> **Problem details**
Identify all lines in the listing that include the word "inch", and copy them out.

*** Opening Supplied records ***

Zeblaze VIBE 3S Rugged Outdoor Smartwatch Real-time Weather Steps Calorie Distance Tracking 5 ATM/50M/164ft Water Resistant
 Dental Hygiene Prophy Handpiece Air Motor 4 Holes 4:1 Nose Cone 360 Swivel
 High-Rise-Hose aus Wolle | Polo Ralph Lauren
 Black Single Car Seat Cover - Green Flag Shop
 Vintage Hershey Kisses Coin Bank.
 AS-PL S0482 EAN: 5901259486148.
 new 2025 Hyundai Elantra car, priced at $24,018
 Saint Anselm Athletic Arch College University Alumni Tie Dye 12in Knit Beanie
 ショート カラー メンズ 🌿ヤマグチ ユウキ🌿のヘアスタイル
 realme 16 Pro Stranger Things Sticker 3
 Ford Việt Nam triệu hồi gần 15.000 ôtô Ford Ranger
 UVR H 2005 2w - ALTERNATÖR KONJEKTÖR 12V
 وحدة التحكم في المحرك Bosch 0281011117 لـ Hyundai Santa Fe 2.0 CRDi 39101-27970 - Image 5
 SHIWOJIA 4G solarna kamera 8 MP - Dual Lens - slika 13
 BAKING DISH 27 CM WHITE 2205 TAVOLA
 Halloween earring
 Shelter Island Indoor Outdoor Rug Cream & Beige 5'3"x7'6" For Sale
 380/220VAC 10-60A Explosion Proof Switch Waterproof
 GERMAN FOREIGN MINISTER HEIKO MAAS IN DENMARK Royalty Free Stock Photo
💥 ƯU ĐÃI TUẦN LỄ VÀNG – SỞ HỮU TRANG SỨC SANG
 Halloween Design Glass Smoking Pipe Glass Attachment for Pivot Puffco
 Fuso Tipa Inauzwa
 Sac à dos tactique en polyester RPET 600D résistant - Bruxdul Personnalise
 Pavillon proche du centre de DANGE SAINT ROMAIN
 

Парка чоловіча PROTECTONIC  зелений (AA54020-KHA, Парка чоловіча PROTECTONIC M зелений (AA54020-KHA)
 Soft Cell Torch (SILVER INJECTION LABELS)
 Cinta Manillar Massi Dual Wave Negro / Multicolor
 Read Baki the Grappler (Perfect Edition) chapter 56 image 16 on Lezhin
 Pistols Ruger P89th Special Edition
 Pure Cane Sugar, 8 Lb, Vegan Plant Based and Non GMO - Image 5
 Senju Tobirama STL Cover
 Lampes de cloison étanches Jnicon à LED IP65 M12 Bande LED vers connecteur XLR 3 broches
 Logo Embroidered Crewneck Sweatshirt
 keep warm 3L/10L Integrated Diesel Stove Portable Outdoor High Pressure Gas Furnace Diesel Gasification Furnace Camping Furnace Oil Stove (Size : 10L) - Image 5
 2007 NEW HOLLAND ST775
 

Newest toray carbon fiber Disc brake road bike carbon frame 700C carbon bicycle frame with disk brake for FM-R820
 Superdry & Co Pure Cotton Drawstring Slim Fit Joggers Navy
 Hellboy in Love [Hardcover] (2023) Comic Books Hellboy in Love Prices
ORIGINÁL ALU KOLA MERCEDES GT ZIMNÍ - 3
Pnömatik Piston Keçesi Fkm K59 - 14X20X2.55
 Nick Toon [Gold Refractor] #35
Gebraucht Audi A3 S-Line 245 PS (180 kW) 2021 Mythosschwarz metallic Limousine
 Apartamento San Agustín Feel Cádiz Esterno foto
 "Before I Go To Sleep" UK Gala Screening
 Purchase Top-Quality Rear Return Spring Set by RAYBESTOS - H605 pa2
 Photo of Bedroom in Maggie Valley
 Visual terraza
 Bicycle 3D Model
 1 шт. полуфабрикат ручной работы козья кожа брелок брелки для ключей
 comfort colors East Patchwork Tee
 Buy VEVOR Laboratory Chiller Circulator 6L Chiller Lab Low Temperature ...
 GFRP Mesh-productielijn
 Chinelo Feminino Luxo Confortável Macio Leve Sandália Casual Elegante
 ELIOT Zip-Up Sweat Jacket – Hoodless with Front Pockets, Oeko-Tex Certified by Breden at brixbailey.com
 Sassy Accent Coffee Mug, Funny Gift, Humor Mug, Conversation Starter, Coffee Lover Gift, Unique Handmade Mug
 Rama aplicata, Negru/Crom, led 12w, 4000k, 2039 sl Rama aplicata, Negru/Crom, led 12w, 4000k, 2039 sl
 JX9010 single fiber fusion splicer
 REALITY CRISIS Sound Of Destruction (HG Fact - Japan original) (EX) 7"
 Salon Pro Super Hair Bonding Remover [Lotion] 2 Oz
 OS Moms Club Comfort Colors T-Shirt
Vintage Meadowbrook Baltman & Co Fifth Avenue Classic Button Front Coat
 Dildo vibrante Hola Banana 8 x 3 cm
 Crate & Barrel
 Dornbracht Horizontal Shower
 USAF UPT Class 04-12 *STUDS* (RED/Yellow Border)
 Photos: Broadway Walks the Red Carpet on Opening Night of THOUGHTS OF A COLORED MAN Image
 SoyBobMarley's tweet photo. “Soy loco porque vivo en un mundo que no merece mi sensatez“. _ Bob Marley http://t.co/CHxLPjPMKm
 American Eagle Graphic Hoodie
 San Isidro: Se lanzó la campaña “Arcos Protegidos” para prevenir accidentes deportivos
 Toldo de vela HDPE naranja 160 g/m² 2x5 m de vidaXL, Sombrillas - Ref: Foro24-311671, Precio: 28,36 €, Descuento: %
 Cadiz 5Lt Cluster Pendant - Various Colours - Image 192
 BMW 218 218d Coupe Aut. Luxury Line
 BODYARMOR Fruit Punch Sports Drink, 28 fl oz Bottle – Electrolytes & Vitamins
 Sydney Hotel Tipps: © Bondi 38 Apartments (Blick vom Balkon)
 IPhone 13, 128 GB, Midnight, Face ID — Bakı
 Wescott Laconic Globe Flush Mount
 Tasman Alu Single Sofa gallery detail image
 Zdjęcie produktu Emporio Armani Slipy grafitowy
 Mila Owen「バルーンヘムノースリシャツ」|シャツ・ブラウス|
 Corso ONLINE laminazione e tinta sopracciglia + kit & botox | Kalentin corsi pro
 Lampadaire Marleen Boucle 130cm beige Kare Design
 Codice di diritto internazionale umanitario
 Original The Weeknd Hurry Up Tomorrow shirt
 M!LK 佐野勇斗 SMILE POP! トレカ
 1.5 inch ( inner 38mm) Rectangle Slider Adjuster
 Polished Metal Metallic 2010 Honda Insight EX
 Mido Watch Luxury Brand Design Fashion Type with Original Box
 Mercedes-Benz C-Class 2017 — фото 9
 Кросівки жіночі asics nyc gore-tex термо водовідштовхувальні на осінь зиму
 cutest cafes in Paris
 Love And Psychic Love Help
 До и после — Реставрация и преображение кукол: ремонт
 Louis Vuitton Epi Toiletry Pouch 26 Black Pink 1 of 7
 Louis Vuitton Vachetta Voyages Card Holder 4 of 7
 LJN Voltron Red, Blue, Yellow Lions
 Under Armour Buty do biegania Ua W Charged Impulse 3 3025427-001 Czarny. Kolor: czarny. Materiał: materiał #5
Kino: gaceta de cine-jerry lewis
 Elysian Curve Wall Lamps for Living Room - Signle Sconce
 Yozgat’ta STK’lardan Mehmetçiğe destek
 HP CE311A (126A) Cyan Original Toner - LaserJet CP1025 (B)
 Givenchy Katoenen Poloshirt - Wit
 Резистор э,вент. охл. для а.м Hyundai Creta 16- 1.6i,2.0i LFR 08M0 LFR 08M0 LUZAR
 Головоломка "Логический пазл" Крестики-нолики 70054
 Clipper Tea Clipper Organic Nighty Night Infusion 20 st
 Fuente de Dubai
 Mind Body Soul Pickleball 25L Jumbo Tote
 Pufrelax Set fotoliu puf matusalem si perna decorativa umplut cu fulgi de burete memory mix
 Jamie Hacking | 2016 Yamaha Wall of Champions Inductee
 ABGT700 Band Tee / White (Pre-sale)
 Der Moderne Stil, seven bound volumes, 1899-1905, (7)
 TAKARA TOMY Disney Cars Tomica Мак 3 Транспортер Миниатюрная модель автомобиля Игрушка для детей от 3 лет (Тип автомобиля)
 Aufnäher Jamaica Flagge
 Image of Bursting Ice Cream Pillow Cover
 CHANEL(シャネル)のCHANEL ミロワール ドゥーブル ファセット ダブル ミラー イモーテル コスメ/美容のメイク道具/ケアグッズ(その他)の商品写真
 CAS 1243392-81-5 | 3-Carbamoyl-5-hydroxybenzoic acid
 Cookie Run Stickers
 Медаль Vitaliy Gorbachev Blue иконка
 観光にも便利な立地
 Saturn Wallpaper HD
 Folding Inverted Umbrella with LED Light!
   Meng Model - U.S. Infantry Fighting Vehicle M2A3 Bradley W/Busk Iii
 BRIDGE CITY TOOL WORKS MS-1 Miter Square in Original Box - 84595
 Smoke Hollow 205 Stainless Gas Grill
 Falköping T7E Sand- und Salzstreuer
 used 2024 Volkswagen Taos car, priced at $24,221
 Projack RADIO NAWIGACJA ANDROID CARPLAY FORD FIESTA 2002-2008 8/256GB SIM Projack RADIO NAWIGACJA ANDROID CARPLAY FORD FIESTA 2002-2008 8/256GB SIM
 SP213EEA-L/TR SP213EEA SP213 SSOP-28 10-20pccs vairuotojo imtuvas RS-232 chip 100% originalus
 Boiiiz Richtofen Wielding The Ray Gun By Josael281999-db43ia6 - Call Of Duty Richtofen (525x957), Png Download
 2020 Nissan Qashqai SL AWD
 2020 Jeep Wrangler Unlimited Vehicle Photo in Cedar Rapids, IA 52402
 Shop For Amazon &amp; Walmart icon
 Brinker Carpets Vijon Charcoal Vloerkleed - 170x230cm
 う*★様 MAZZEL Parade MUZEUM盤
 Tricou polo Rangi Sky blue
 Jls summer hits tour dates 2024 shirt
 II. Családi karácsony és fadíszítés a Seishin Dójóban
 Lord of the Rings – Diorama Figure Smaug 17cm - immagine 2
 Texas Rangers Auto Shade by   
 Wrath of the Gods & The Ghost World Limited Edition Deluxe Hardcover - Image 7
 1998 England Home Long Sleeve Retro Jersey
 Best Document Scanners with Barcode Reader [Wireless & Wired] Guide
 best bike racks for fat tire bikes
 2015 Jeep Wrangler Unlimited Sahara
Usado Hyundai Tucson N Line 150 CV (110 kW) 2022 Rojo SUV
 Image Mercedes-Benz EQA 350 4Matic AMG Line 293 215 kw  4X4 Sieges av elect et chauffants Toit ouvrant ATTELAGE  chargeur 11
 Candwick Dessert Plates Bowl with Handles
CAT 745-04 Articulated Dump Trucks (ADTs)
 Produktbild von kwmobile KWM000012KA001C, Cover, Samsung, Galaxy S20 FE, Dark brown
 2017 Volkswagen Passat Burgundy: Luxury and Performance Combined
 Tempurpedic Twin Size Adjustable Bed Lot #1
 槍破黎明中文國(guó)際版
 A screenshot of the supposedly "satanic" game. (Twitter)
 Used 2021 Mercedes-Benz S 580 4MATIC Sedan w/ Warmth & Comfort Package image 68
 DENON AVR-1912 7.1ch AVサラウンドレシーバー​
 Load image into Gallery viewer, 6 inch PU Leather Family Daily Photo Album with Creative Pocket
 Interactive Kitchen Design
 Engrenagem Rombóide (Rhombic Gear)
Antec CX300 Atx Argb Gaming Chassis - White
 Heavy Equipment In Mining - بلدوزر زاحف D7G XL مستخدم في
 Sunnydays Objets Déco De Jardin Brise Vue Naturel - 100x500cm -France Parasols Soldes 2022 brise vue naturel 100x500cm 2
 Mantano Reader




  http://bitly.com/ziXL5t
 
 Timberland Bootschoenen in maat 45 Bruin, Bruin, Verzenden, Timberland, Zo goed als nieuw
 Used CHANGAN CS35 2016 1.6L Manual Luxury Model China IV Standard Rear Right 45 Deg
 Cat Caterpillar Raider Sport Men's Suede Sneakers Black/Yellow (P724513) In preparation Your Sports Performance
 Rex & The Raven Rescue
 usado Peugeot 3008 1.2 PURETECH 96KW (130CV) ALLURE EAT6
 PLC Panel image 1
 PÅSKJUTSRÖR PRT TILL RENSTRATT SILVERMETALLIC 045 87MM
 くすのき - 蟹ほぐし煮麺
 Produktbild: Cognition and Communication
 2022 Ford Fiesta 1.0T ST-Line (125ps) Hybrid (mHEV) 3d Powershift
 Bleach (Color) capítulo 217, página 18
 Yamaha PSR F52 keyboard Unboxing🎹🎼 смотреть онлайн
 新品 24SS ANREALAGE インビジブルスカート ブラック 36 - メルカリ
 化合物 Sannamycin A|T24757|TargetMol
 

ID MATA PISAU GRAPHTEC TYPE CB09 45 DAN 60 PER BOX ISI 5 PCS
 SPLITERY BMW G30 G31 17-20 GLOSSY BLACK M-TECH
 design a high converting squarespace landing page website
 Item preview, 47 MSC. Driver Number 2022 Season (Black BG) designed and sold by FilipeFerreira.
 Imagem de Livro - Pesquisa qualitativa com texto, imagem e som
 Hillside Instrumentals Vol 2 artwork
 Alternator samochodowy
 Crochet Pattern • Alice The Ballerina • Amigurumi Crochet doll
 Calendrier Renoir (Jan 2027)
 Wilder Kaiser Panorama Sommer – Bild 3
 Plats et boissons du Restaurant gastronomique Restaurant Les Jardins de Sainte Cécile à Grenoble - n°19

*** Closing Supplied records ***

> **Solution to the problem**
 1.5 inch ( inner 38mm) Rectangle Slider Adjuster
 Load image into Gallery viewer, 6 inch PU Leather Family Daily Photo Album with Creative Pocket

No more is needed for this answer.